Вода плеснула на огонь, зашипел пар.
– Да это проклятие богов! – простонал Рис. – Наверное, кончились чары на телеге. Рианнан, давай пой! Пой изо всех сил!
Рианнан встала, держась за веревку, и запела – нежные чистые ноты, незнакомые слова. Этот напев я слышала на Скарре. Прекрасная была песня, она веселила сердце, но на воздушный шар не подействовала. Мы опустились так низко, что плетеную лодку бросало и болтало, словно настоящую. В щели хлынула бурлящая пена.
– Пойте все! – выдохнул Рис, налегая на насос. – Давайте! Хором!
Он и сам запел ту же песню короткими выдохами. Финн, Ивар и Огго подхватили мотив – тоже рывками. Финн знал один куплет, Ивар и Огго – другой, и все горланили кто во что горазд, мотив со Скарра, слова с Берники.
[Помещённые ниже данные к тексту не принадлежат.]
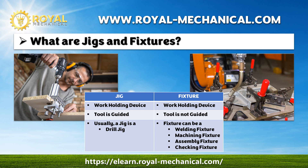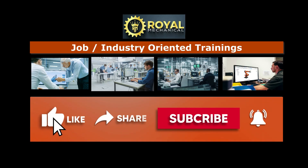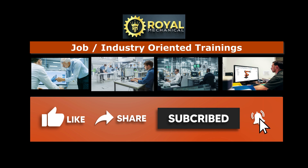In the following video lesson, I will explain why the mechanical industry extensively uses jigs and fixtures. Royalmechanical.com offers job and industry-oriented courses for mechanical engineers. If you haven't subscribed to my channel yet, consider subscribing.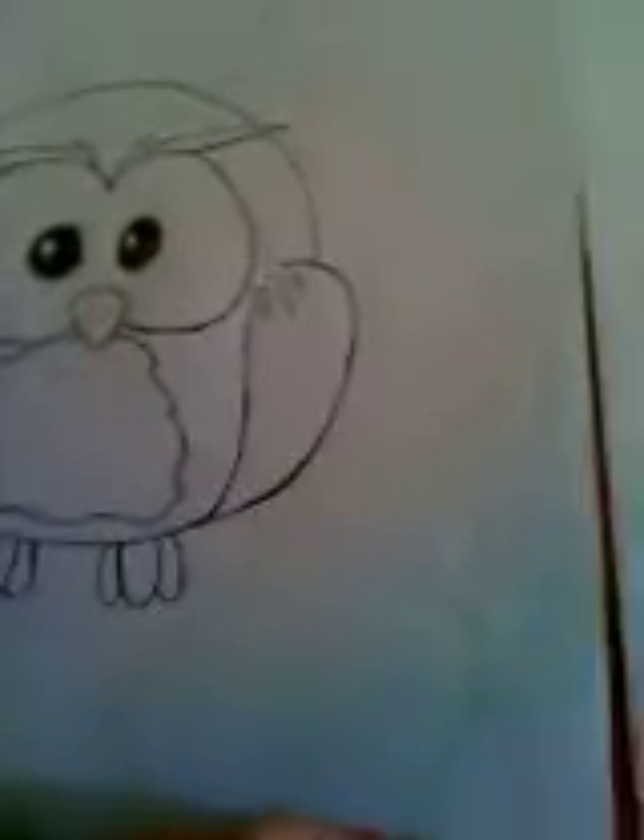I'm going to show you how to draw with 17 and a Snyder, and today we're going to draw this owl. I love this owl. So let's get it started.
Зеленослезка спорхнул с веревки, сел на плечо Финну – тот то подскакивал, то опускался, налегая на подножку – и тоже, кажется, затянул песню скрипучим голосом.
Я посмотрела вниз и наткнулась на осуждающий взгляд вытаращенных глаз Страхолюдины. Он считал, что я тоже обязана петь.
– Я же не умею, сам знаешь! – завопила я.
Но он все смотрел, как могут только коты.
– Ладно, – сдалась я. – Ладно!
И запела единственное, что пришло в голову: «Гимн мудриц». Мне всегда казалось, что слова у этой песни бессмысленные. Тетя Бек как-то призналась, что и сама их не понимает. Но я горланила их во всю мочь.